Son collègue belge Philippe Lamberts, co-président du groupe, a de son côté jugé que si la réouverture des discussions sur une assiette commune était "un point important", le report "sine die" de la consolidation était "dommageable". "Face à la menace de veto de certains États membres, dont le Royaume-Uni et l’Irlande, la Commission marque le pas. D’autant que pour être pleinement efficace, une base consolidée doit être accompagnée d'un taux minimum", a-t-il encore dit.

En revanche, aucune réaction officielle n’avait été diffusée à l’heure de la rédaction de cet article par les groupes politiques ECR, ALDE, EFDD ainsi que par le groupe nouvellement créé autour du parti français d’extrême-droite Front national baptisé "Europe des Nations et des Libertés" (ENL).

Les réactions des organisations socio-professionnelles et de la société civile

L’organisation patronale BusinessEurope avait de son côté réagi en amont de la proposition pour exprimer ses craintes sur le caractère obligatoire de la nouvelle ACCIS notamment, appelant à un régime volontaire.

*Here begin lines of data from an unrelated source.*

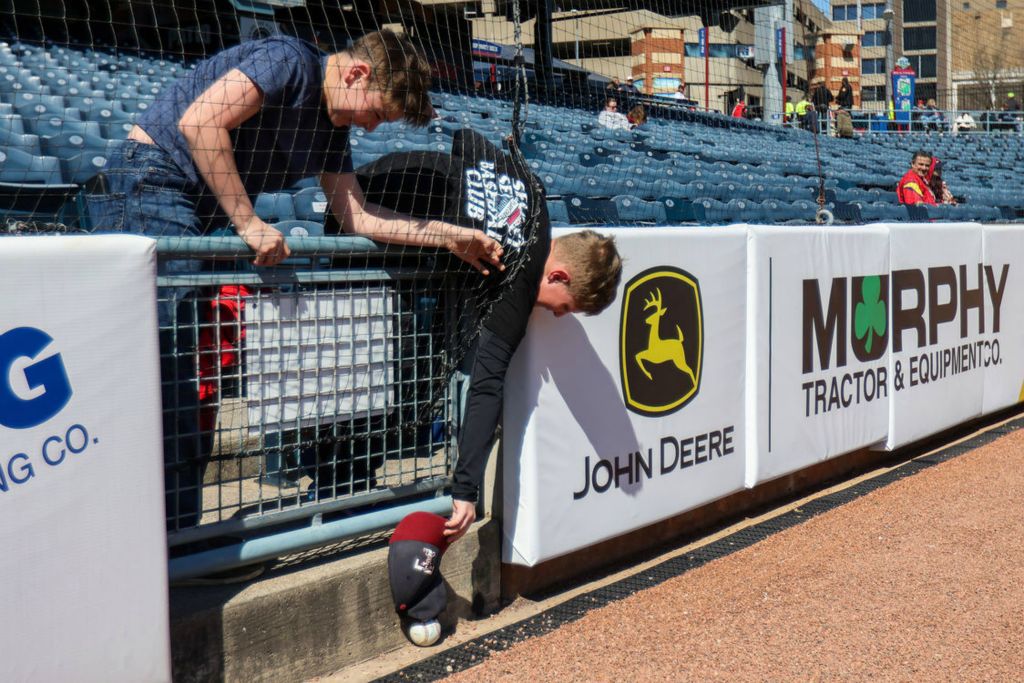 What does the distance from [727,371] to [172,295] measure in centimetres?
246

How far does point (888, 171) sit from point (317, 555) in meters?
17.0

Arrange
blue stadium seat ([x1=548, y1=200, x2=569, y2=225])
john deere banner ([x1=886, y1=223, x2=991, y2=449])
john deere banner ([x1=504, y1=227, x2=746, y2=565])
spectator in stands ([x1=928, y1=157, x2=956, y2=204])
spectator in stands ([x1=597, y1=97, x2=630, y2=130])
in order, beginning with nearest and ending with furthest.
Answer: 1. john deere banner ([x1=504, y1=227, x2=746, y2=565])
2. john deere banner ([x1=886, y1=223, x2=991, y2=449])
3. blue stadium seat ([x1=548, y1=200, x2=569, y2=225])
4. spectator in stands ([x1=928, y1=157, x2=956, y2=204])
5. spectator in stands ([x1=597, y1=97, x2=630, y2=130])

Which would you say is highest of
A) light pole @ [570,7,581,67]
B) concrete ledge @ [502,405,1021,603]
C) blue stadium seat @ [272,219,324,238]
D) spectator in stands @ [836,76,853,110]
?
spectator in stands @ [836,76,853,110]

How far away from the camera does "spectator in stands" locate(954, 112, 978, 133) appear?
89.4 feet

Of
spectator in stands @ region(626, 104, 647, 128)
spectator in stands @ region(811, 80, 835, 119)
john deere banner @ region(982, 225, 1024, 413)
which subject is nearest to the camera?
john deere banner @ region(982, 225, 1024, 413)

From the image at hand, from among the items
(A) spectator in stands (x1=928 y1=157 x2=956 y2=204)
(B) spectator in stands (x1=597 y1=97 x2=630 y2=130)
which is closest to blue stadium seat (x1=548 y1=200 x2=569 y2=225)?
(B) spectator in stands (x1=597 y1=97 x2=630 y2=130)

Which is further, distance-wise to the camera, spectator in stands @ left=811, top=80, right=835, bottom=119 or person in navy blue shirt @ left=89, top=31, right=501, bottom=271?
spectator in stands @ left=811, top=80, right=835, bottom=119

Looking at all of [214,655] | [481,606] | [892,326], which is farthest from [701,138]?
[214,655]

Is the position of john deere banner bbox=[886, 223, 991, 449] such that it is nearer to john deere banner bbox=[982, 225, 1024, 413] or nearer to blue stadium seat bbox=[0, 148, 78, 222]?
john deere banner bbox=[982, 225, 1024, 413]

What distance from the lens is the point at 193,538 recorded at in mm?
2756

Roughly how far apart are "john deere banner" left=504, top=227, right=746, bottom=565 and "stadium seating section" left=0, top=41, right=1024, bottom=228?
88 centimetres

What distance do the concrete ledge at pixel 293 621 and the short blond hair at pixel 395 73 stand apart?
1374 millimetres

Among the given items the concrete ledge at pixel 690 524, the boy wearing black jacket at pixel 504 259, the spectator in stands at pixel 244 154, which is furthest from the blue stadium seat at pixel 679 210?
the spectator in stands at pixel 244 154

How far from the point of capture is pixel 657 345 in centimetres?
395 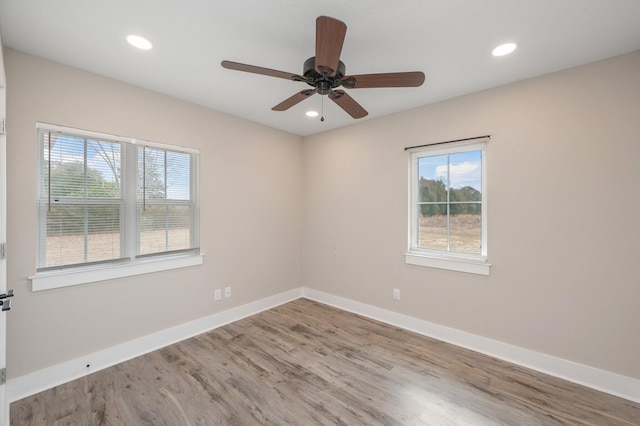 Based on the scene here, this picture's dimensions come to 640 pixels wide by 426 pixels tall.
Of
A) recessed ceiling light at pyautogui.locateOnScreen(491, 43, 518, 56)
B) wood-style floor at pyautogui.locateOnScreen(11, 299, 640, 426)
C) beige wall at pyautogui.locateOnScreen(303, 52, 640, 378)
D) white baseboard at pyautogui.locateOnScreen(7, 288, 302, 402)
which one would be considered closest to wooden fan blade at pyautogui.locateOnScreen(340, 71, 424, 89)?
recessed ceiling light at pyautogui.locateOnScreen(491, 43, 518, 56)

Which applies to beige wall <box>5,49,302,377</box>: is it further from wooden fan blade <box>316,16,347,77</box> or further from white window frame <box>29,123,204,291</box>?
A: wooden fan blade <box>316,16,347,77</box>

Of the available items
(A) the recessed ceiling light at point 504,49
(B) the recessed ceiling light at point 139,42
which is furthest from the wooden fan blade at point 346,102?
(B) the recessed ceiling light at point 139,42

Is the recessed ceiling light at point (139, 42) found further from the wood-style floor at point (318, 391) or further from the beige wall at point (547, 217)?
the wood-style floor at point (318, 391)

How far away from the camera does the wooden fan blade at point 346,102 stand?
6.56 ft

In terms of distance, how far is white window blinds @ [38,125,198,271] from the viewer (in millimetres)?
2238

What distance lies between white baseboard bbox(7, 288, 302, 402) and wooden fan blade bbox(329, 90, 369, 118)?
2744mm

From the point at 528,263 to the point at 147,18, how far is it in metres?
3.53

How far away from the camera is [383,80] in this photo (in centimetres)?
182

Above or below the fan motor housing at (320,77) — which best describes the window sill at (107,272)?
below

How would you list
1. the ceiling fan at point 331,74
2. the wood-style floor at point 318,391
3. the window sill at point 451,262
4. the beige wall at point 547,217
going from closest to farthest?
1. the ceiling fan at point 331,74
2. the wood-style floor at point 318,391
3. the beige wall at point 547,217
4. the window sill at point 451,262

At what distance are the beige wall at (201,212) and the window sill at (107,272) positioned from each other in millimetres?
56

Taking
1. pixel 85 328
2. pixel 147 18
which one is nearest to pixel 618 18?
pixel 147 18

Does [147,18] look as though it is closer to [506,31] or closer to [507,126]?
[506,31]

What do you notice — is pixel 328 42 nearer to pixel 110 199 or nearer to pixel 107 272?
pixel 110 199
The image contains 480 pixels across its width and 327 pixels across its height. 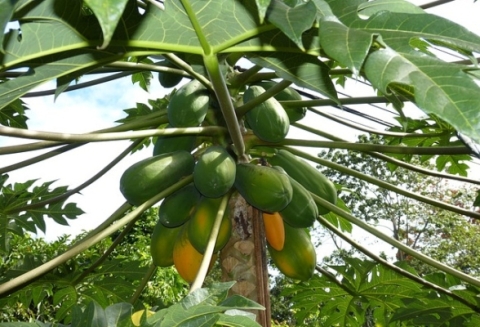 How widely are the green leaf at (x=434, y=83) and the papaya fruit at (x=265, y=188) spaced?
2.31 ft

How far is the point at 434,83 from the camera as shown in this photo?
0.84 meters

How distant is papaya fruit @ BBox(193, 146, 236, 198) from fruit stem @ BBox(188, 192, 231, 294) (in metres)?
0.06

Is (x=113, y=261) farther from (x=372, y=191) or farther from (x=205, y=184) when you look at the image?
(x=372, y=191)

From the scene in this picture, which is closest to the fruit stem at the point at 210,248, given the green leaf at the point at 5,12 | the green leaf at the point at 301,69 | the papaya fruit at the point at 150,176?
the papaya fruit at the point at 150,176

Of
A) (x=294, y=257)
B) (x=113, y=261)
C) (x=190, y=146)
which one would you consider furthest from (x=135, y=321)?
(x=113, y=261)

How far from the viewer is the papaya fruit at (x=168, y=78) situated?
82.4 inches

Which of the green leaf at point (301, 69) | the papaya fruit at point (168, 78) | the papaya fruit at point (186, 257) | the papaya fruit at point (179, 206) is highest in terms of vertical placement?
the papaya fruit at point (168, 78)

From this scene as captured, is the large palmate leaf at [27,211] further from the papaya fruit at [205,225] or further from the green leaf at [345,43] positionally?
the green leaf at [345,43]

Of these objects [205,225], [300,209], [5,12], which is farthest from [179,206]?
[5,12]

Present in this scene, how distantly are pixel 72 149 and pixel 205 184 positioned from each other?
700 millimetres

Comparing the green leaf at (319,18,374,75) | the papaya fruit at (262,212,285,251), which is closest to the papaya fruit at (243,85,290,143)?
the papaya fruit at (262,212,285,251)

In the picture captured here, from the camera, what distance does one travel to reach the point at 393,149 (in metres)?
1.69

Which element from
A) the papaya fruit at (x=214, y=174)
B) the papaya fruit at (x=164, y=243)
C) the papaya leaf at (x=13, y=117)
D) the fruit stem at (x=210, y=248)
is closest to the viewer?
the fruit stem at (x=210, y=248)

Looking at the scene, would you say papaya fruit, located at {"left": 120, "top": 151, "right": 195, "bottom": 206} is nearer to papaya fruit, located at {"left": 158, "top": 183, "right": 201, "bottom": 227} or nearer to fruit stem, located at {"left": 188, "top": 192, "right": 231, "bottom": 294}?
papaya fruit, located at {"left": 158, "top": 183, "right": 201, "bottom": 227} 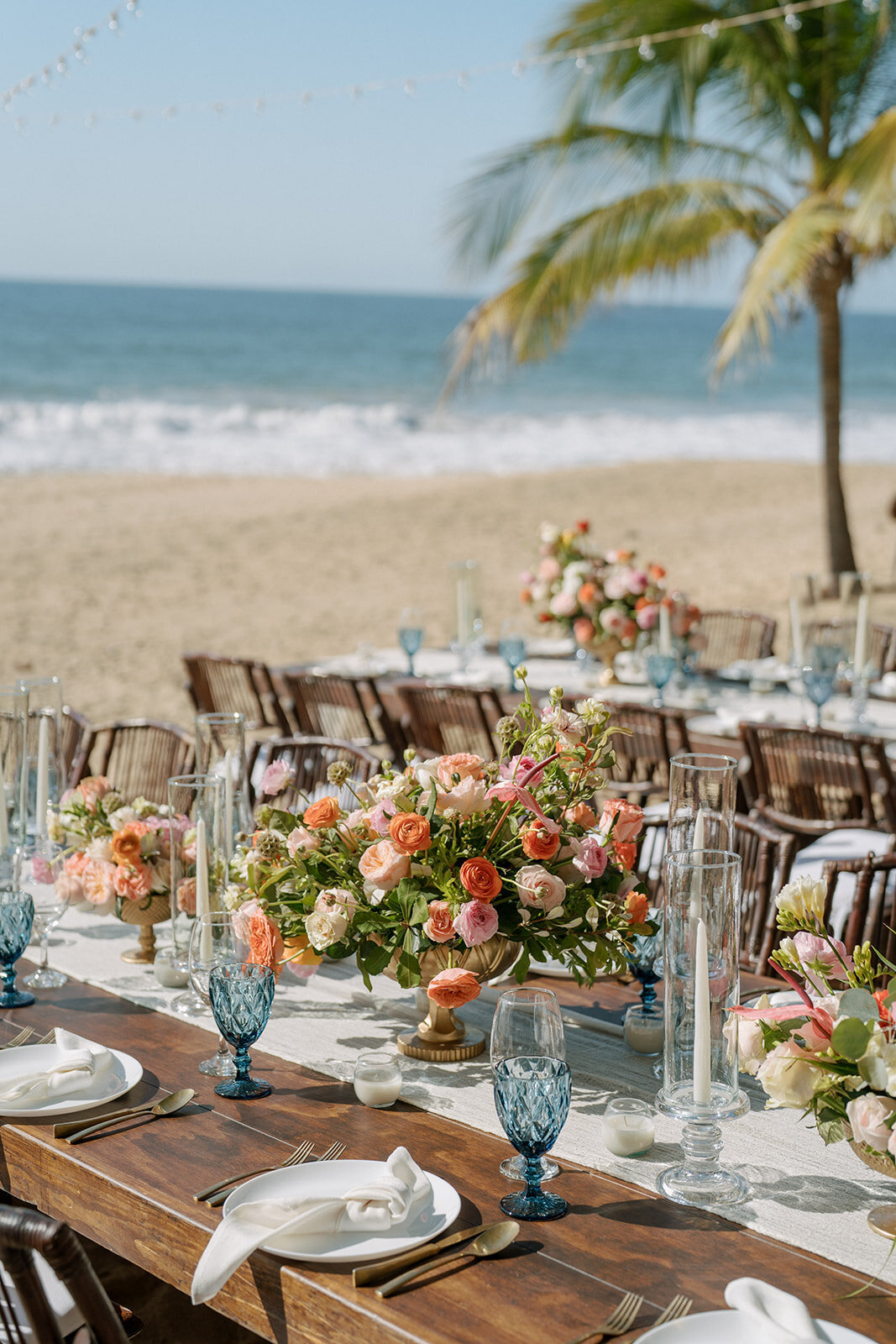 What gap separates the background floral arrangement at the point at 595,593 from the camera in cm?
562

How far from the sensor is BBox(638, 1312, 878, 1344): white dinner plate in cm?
145

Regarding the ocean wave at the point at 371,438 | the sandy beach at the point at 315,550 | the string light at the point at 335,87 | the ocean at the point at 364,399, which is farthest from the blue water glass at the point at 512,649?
the ocean wave at the point at 371,438

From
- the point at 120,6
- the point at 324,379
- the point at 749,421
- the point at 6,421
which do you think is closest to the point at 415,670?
the point at 120,6

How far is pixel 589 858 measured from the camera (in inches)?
83.4

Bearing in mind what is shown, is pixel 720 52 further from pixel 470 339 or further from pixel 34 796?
pixel 34 796

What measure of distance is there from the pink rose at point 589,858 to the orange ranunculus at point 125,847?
0.93 meters

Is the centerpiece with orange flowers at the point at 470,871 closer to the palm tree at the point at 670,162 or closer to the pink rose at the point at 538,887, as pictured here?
the pink rose at the point at 538,887

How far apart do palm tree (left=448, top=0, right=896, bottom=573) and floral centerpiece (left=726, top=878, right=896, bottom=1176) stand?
7.88 m

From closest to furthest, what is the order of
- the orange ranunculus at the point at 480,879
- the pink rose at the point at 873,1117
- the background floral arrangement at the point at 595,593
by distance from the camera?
the pink rose at the point at 873,1117, the orange ranunculus at the point at 480,879, the background floral arrangement at the point at 595,593

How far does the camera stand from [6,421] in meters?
26.2

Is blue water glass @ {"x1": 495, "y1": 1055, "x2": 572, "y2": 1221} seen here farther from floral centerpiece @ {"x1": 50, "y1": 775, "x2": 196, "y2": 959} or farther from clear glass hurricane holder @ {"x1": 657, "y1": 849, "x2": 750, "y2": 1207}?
floral centerpiece @ {"x1": 50, "y1": 775, "x2": 196, "y2": 959}

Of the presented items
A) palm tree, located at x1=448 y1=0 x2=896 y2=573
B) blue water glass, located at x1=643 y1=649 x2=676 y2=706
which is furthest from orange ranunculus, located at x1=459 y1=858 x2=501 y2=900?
palm tree, located at x1=448 y1=0 x2=896 y2=573

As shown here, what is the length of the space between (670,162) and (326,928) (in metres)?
8.80

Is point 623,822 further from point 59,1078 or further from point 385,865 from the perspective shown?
point 59,1078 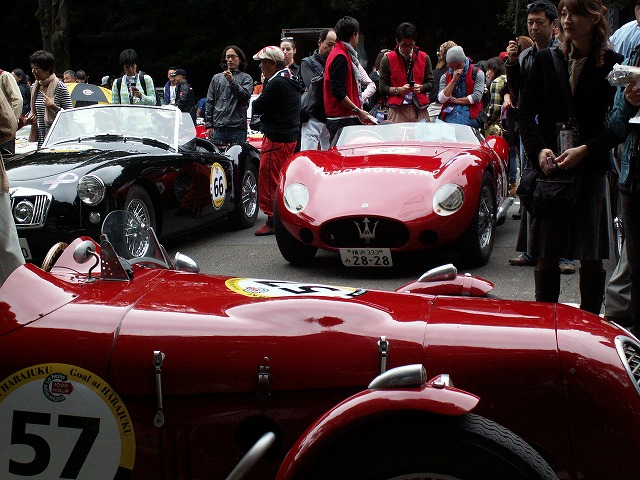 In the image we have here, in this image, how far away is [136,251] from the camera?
3.35 meters

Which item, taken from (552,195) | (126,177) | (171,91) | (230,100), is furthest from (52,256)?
(171,91)

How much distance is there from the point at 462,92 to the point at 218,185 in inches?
130

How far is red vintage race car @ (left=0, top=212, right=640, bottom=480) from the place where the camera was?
2.33 m

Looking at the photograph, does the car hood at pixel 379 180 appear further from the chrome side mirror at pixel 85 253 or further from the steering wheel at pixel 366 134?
the chrome side mirror at pixel 85 253

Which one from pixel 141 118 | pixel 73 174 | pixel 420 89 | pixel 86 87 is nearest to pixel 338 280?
pixel 73 174

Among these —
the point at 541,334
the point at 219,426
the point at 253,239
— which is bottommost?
the point at 253,239

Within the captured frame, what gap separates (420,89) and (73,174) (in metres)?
4.34

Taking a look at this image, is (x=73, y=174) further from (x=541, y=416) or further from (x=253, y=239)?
(x=541, y=416)

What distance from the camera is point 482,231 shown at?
694cm

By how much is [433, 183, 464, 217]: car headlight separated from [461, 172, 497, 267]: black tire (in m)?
0.19

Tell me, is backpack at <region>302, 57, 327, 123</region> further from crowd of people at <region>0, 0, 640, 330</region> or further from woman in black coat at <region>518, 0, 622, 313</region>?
woman in black coat at <region>518, 0, 622, 313</region>

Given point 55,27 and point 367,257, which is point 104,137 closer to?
point 367,257

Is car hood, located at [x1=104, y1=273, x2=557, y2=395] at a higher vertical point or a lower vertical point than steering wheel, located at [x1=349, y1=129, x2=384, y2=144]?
lower

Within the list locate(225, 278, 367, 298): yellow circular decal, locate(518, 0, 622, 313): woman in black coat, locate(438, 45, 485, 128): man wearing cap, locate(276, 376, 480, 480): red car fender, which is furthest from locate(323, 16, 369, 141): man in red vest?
locate(276, 376, 480, 480): red car fender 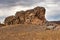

Dans un communiqué diffusé le 16 juin, l’organisation se dit ainsi  "inquiète que la nouvelle proposition attendue sur l'ACCIS soit obligatoire pour les entreprises", et qu’elle "ne permettra pas une consolidation complète".

BusinessEurope ajoute s’être toujours "montrée claire" sur le fait que "pour maintenir le soutien de la communauté des affaires, l'ACCIS doit à la fois être facultative pour les entreprises et les encourager à développer de nouveaux marchés au sein de l'UE en permettant la consolidation des profits et des pertes dans les différents États membres de l'UE". Et d’ajouter que "les entreprises américaines pouvant consolider leurs profits et pertes entres États fédérés, l'ACCIS doit offrir cette possibilité pour les entreprises UE".

La Confédération européenne des syndicats (CES), par la voix de sa secrétaire générale, Bernadette Ségol, a pour sa part estimé dans un communiqué publié par la CES le 17 juin 2015 que "le plan présent[ait] une bonne analyse et un diagnostic clair mais ne propos[ait] aucun remède immédiat pour traiter le problème". "Pourquoi repousser à la fin 2016 une version révisée de l’ACCIS qui devrait être obligatoire pour les multinationales avec aussi un taux minimum d’imposition d’au moins 25 % ? La commission ne fait-elle pas confiance à son propre jugement sur une question aussi cruciale d’intérêt public ?", lit-on par ailleurs dans le communiqué.

"La seule mesure concrète sur la table est une liste commune de 30 paradis fiscaux, liste créée dans le but d’éviter la concurrence entre les listes nationales, mais la proposition n’inclut pas de sanctions dissuasives et ne fait pas mention des régimes fiscaux favorables aux entreprises qui se trouvent au cœur de l’Europe. L’accumulation de milliards d’euros cachés va donc continuer", conclut Bernadette Ségol.

Par ailleurs, plusieurs ONG, notamment ONE et Oxfam, ont de leur côté déploré l'absence d'engagement sur les déclarations fiscales pays par pays.